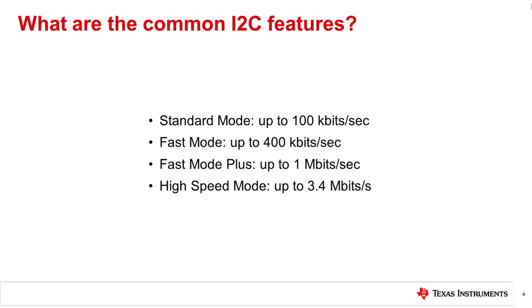TI's analog MUX and signal switch portfolio has a variety of devices to cover the different needs for an I2C bus or system design.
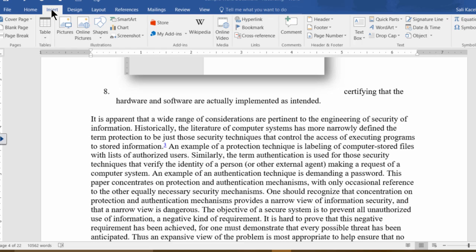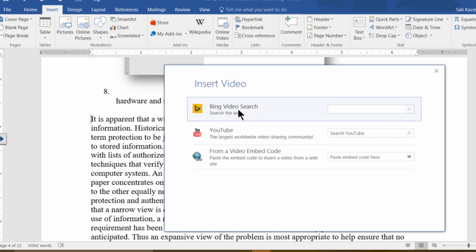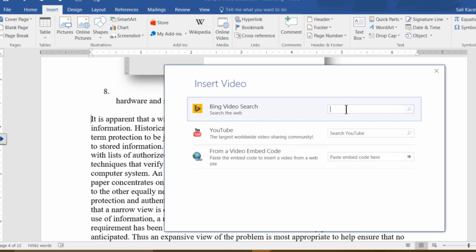To insert video from online, you click on Insert, then go to Online Video, and then you can search for videos whether it's from Bing or from YouTube and so on.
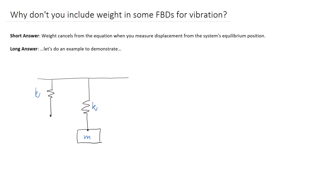In this video, I'm going to attempt to answer the question: why don't you include weight in some free body diagrams that you draw for vibration? There's a short answer and a long answer. The short answer is that weight is going to cancel from the equation as long as you measure displacement from the system's equilibrium position.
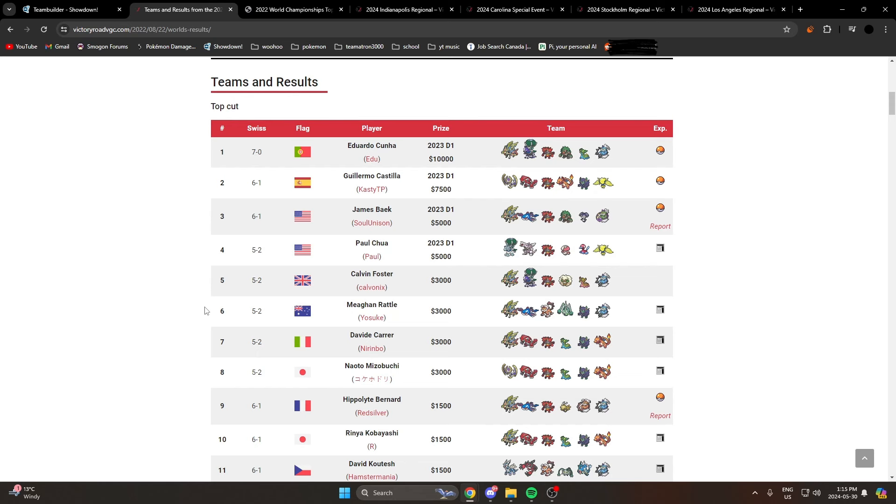What's good y'all, today we're talking about Calyrex Shadow Rider. I changed my mic settings a little bit, so if you appreciate it, like, comment, and subscribe please. Anyways, Calyrex Shadow Rider, possibly the greatest Pokémon ever made. Let's talk about it.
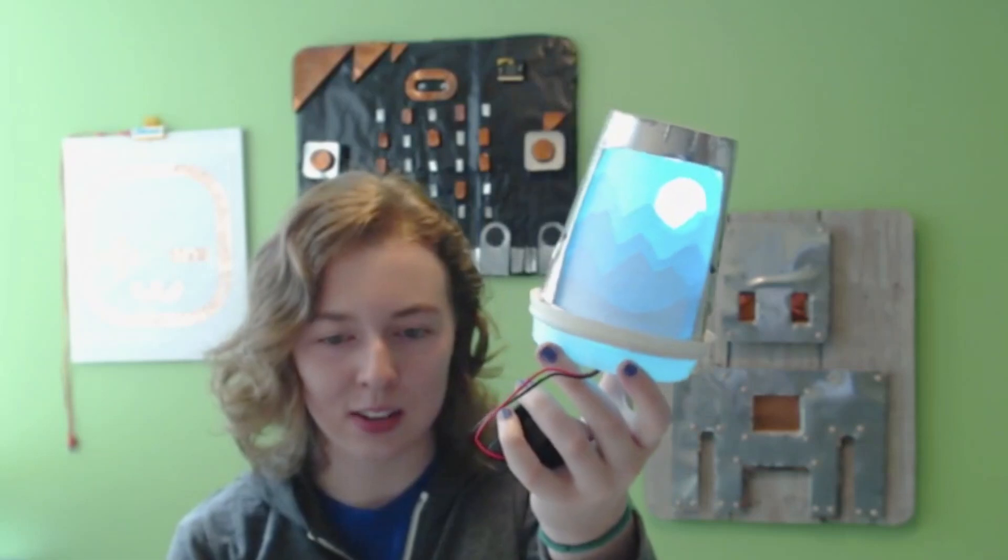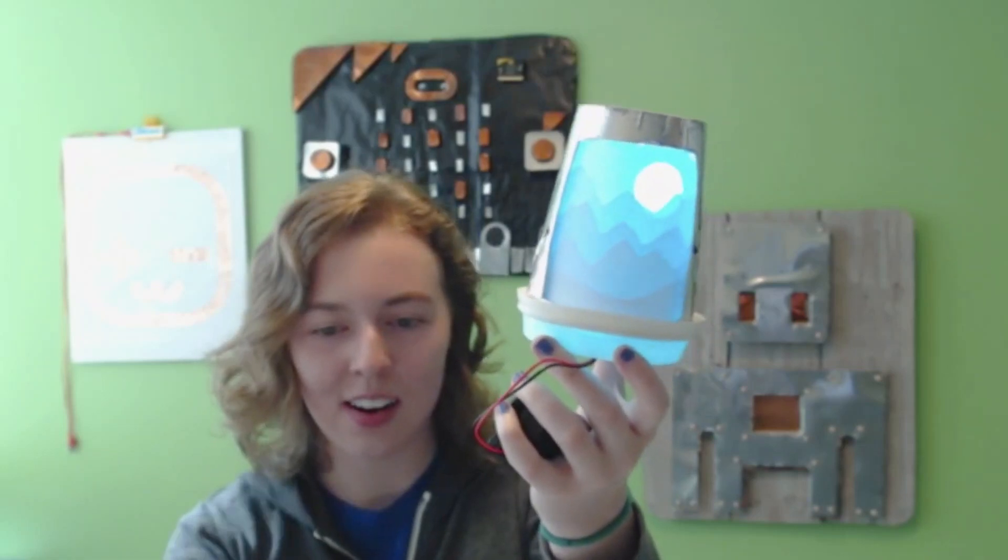The design is made from layers of paper that filter the light from the LEDs on the Circuit Playground Express. You can be very creative in making your design for this project. I chose to make a mountain and sun scene as you can see here.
◇ ◇ ◇ ◇ ◇
● **TASK DIRECTIONS**:
Output all of the data above exactly; no pictures should appear.

● **RESULT**:
TI's analog MUX and signal switch portfolio has a variety of devices to cover the different needs for an I2C bus or system design.
To insert video from online, you click on Insert, then go to Online Video, and then you can search for videos whether it's from Bing or from YouTube and so on.
In this video, I'm going to attempt to answer the question: why don't you include weight in some free body diagrams that you draw for vibration? There's a short answer and a long answer. The short answer is that weight is going to cancel from the equation as long as you measure displacement from the system's equilibrium position.
What's good y'all, today we're talking about Calyrex Shadow Rider. I changed my mic settings a little bit, so if you appreciate it, like, comment, and subscribe please. Anyways, Calyrex Shadow Rider, possibly the greatest Pokémon ever made. Let's talk about it.
The design is made from layers of paper that filter the light from the LEDs on the Circuit Playground Express. You can be very creative in making your design for this project. I chose to make a mountain and sun scene as you can see here.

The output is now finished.